Polkadot Data platform with deep indexed data and staking reports

Team Name: P2P.ORG Validator
Payment Address: 0xE22211Ba98213c866CC5DC8d7D9493b1e7EFD25A (USDC)
Level: 2

Project Overview 📄

Current proposal is the solution from P2P.org for the problem described in Analytics Website/Data Platform RFP.

Overview and Ecosystem Fit

Implementation of the data-driven culture was a huge boosting for web2 which allowed the fin-tech industry to speed up the decision-making and the development of new products, also decrease the financial fraud and provide flexible risk-management.

Dune analytics success and arising 15+ Dune-like platforms are the evidence that data analysis tools are especially acute for web3 today and the demand for community driven data insights continue to grow.

P2P.org is one of the biggest validators that is participate in more than 40 POS chains. That is why the need of data, monitoring, performance analysis are the core problems in decision making for us. We’ve started to develop our data function from using external platforms such as Dune but soon we found out that there is no such platform or platforms that could help with even the most common challenges according to data needs:

data covering: no Polkadot data and off-chain data about deFi protocols such as Chainlink;
absent of the streaming doesn’t allow to receive the data close-to-real time which makes it unacceptable for pro-reactive tasks such as performance monitoring;
threshold for entering analytics: we have high skilled data analyst who can work with any data but for business people it is impossible to get answer about new metric very quick.

Solving these problem internally we understood that our experience and data insights could be helpful for crypto community, especially in new projects such as new cosmos chains where there are not so many users and the economy has just started to evolve. We can help new project with data-driven shilling and go deeper with data-analysis in the chains that we already covered by existing data platforms.

According the web3 fund need from RFP Polkadot ecosystem needs:

extract on-chain data and transform it to be available for SQL querying by data analysts
provide public access through query engine to build data sets on-top of indexed data
provide UI interface for building dashboards on-top of data sets to visualize data insights for decision makers

We saw some teams that already building such solutions for the RFP and want to describe our key features which could provide the best user experience according to our vision:

modular architecture allows you
- to use any indexer such as Subsquid, Subquery or custom indexer (Mbelt in P2P.org case)
- to use any database as a DWH for storing public data (in current RFP we will use BigQuery as DWH)
- to customize ETL process for any indexer/DWH solution via Airflow DAGs
- to customize the solution for real-time data enrichment process via direct streaming to DWH
dashboard with sli/slo for data quality of ETL pipeline - we provide transparent and clear data quality metrics to estimate the quality of ETL
P2P.org infrastructure (P2P RPC for indexation)

Potential users

We define the users of the platform as data people who generates insights from the data to support data-driven base for decision makers. These people have:

tech skills to write SQL queries
basic statistics to define calculate and estimate metrics for the business
expertise of the particular domain (such as NFT, particular deFi)

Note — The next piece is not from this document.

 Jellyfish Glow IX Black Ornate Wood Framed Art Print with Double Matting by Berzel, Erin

Current state of Dune platform (as the Leader of the market) is about 20k users. Dune is focusing on Ethereum data and DeFi in Ethereum ecosystem. Current number of active wallets in Ethereum is 400k. So, we see that current state of the crypto industry demonstrates a high proportion of data-people to all token holders with is 5%.

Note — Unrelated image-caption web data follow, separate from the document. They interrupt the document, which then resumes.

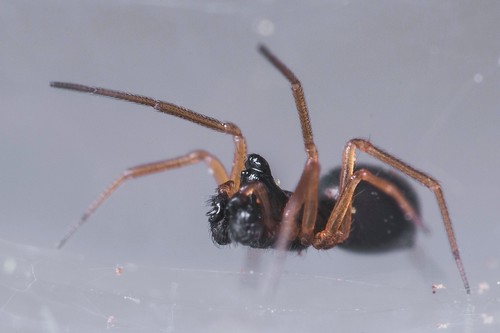 Representative image of Entelecara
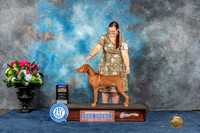 Vizsla #38 Sun BOB Judge Pat Trotter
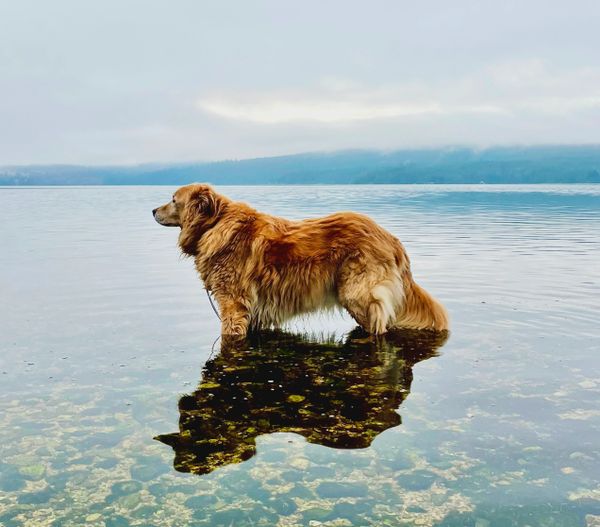 17 year old golden retriever senior dog enjoying life at the beach in British Columbia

We believe that in case of mass adoption we will not see this proportion but we need to involve more people still. Our global vision for this problem is to provide ability to work with the data without SQL knowledge. That is why we develop Kolmo - AI assistant.

Our concern is that we can first attract users from the Polkadot ecosystem, which hasn’t been covered by the current data-platforms. After that we are going to provide an innovative opportunity to enter in data-driven decisions without SQL skills.

Free usage

The only limitation for all users is number of TB for free executing of SQL query. We would be able to charge users for executing more data.

Project Details

We already mentioned modular architecture as key feature of the solution. The next chapter will describe it deeply.

Modular architecture

Indexing & ETL module consist of:

indexer which is Software to extract the data
orchestration service: you can use any source to receive the data from RPC and write it to any DWH

DWH module is analytical data base which stores all the data and provides public access. It consist of:

raw layer which is simply the response from indexer - structured/decoded data from RPC nodes
domain layer which is the reports and data-marts that were written by the users. By default we would provide the “staking domain data” with the data marts about staking

UI module consist of forking existing BI tool with the ability:

get access to DWH data (both layers)
interface to write the query
execute the SQL statement
save and store SQL statements (provided by users manually) to use it for visualizing
BI interface to build charts and dashboards on-top of DWH data

Tech stack

module	component	solution	tech stack	comment
Indexing & ETL	indexer	Mbelt	js	We already develop the indexer for web3 RFP. It can extract all data like Subquery but more over it can extract data about staking process.
We also share sli/slo for indexer and our experience showed that currently it is the best solution according to data quality and flexible enough to support custom needs like staking.
	orchestration	Airflow	python	flexible, popular ETL orchestration
DWH	raw layer + domain layer	bigQuery	cloud sql	current solution is DWH agnostic but we are using bigQuery
UI	forked BI tool	forking Superset	- backend: python

frontend: rest | - auth in the box
already has all functions to write, save, execute query and build dashboards
open-source
flexible role-model
audit of logs for security
ability to make dashboards public |

Data schema

Raw layer (indexer’s data) which is MBELT data scheme described here: https://github.com/p2p-org/polkadot-profit-transformer/blob/main/db/000001_init.sql

The solution comes with the second layer of data which is data marts layer.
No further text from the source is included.